I have also read that this same mold can affect anything in the same family, the nightshade family, so avoiding planting peppers, eggplants, and potatoes in the same soil for the same amount of time is a good idea, too. I haven't researched it much, but I've seen that same type of mold develop on both my peppers and my tomatoes, so I'm willing to believe it without much more proof.

4. Support - this is tricky here in the desert. I know some people use metal. Sometimes that works, but sometimes, it gets so hot that it's damaging to the tomatoes, too. If you have some shade, that's not such an issue, but if you have no shade for your tomatoes, I would choose something other than plain metal, to be honest. I have saved medium sized branches that I trimmed off my trees to make supports for my tomatoes, as well as some bamboo poles I made into frames. The wood works, but can be problematic because we have enough native termites here that they will often take an interest. The bamboo works well, though, if you can afford it.

5. The summer - if you have tomato plants that keep producing for a long time, they usually will stop producing once it gets too hot. However, if you can keep them alive through the summer, a lot of times they will make you some more tomatoes when it cools a little, before the winter hits.
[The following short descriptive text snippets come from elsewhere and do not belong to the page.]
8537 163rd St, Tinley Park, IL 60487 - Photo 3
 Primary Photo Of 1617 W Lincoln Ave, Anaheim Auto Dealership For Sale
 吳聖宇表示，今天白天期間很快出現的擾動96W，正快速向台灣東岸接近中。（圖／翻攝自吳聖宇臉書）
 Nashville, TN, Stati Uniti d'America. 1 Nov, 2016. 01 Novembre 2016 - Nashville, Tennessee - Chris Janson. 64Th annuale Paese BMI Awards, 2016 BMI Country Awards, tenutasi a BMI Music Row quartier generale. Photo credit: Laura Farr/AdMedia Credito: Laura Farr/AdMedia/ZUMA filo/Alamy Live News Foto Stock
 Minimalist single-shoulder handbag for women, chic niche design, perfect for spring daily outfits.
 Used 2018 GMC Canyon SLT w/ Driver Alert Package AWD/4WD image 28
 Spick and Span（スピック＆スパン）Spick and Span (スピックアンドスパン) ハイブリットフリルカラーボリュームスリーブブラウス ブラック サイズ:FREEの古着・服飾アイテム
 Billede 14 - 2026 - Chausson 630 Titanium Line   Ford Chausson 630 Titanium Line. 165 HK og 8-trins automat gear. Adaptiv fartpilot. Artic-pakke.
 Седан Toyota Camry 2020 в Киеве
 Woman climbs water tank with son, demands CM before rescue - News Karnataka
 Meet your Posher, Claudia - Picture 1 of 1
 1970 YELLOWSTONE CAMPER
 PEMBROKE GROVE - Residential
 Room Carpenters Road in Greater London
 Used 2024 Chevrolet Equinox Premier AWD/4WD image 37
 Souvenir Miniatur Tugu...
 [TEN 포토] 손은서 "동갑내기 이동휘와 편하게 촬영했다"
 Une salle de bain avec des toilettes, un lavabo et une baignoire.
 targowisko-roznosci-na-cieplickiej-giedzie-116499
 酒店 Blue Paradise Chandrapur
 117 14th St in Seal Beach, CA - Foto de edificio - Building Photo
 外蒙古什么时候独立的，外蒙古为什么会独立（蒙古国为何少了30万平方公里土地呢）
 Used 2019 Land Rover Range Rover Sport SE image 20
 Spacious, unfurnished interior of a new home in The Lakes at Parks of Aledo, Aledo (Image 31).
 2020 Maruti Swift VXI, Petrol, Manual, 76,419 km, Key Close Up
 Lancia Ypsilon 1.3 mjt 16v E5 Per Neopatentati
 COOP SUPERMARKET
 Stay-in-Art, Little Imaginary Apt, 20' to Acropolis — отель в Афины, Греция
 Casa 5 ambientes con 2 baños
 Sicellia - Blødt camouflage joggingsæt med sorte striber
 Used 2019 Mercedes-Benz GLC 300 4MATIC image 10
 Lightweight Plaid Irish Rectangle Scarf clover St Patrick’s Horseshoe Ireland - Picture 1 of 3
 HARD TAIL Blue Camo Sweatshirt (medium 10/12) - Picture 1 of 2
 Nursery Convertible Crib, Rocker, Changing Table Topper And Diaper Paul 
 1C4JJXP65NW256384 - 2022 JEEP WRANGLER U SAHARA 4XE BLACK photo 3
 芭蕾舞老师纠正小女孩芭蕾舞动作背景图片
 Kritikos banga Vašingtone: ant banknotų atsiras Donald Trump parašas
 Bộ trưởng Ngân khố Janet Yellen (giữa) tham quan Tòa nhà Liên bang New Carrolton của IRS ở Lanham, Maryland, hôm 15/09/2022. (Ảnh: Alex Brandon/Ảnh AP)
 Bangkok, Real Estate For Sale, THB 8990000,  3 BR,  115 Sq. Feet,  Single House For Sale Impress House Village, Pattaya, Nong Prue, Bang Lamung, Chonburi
So you may not want to give up on them as soon as they wilt in the heat. :-)

EDIT 9/2013
6. Pollination in the Heat - above 90 F during the day and 75F at night, consistently. Tomato blossoms won't open, the high heat will destroy the pollen, and new fruit won't set. So basically, your tomatoes can't pollinate once the heat gets too high.

A tip for dealing with this that I have heard is to go out in the morning, before the heat builds, and gently shake the tomato plant, like the wind would. That way, you can spread a little of the pollen from any open flowers, before the heat destroys them. I don't know if this works well, but it's worth a try.

Another possibility may be to have some of the tomato plant in fuller shade. The pollen in fuller shade might remain viable and able to be spread to the other flowers in the heat before the pollen is destroyed. I have also had better luck with my tomatoes that had solid shade for part of the plant, such as from a wall.

And lastly, try to get local seeds, from tomatoes that have been doing well here for longer periods. In the Sonoran Desert, some of the local libraries have started up a Seed Lending Library in the hopes of developing more drought resistant seeds for our desert growing, and Native Seed Search has tomato varieties that have been grown here for a LONG time.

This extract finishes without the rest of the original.